The Associated Press

MONTGOMERY — The Alabama Senate is calling for drug testing of welfare recipients with a history of using illegal drugs.

The Republican leader of the Senate, Del Marsh of Anniston, moved to pass a drug testing bill immediately after the Senate convened at 2 p.m. Wednesday. Most of the Republican senators and all of the Democrats had not yet entered the chamber. Marsh asked to have the bill passed using the roll call from a previously passed bill. No one objected, and the bill automatically passed 22-10.

Democrats opposed to the bill rushed to the chamber to complain about Marsh using a quick procedural move that is normally reserved for non-contentious bills.

“There is no shame in this Legislature,” Democratic Sen. Quinton Ross of Montgomery said.

Marsh said opponents should have been in the chamber when the Senate was supposed to be meeting.

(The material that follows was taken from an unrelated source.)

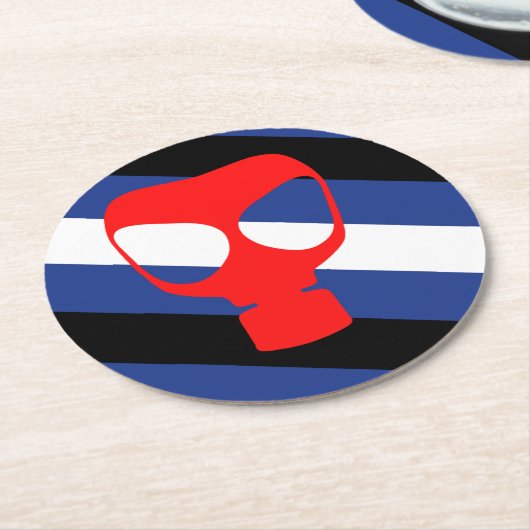 Mask Pride Vlag Ronde Kartonnen Onderzetter (Gebogen)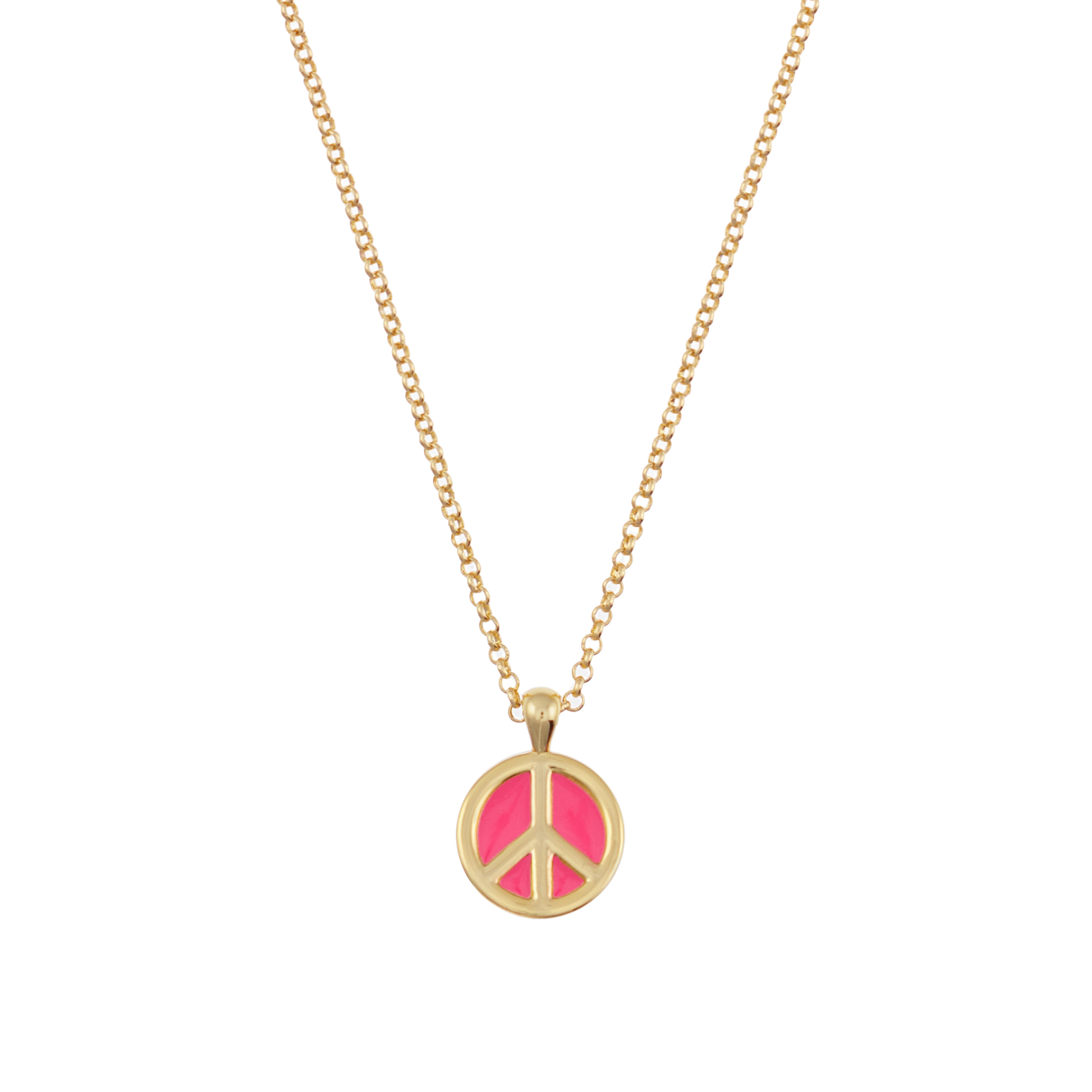 Talis Chains Peace Pendant Hot Pink £40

“We came in at 2,” he said.

The bill, sponsored by Republican Sen. Trip Pittman of Daphne, now goes to the House for consideration. Republican Rep. Kerry Rich of Arab, who will handle the bill in the House, said, “I think we can get it up and pass it. The whole deal was getting it out of the Senate.”

The bill provides that when a person applies to the state Department of Human Resources for Temporary Assistance to Needy Families, the person is suspected of using illegal drugs if they have had a drug conviction in the past five years. The person must take a drug test paid for by the state and will get the welfare benefits while awaiting the results of the drug test. If the person passes the drug test, that’s it.

If the person fails, they get a warning and tested again later. If they fail again, they lose their share of the welfare benefits, but keep the children’s share, and they have to take a third test. If they fail that, the children’s share is transferred to another person, such as a relative.

“This is an attempt to get people off drugs,” Pittman said.

He said it does not involve widespread drug testing and should affect a couple of hundred people each year. The drug testing does not apply to people applying for food stamps, he said.

After his bill passed with few people in the Senate chamber, Pittman and Marsh high-fived each other. Pittman said he was fine with the bill passing with no discussion Wednesday because it had been discussed in detail on a previous day without a vote.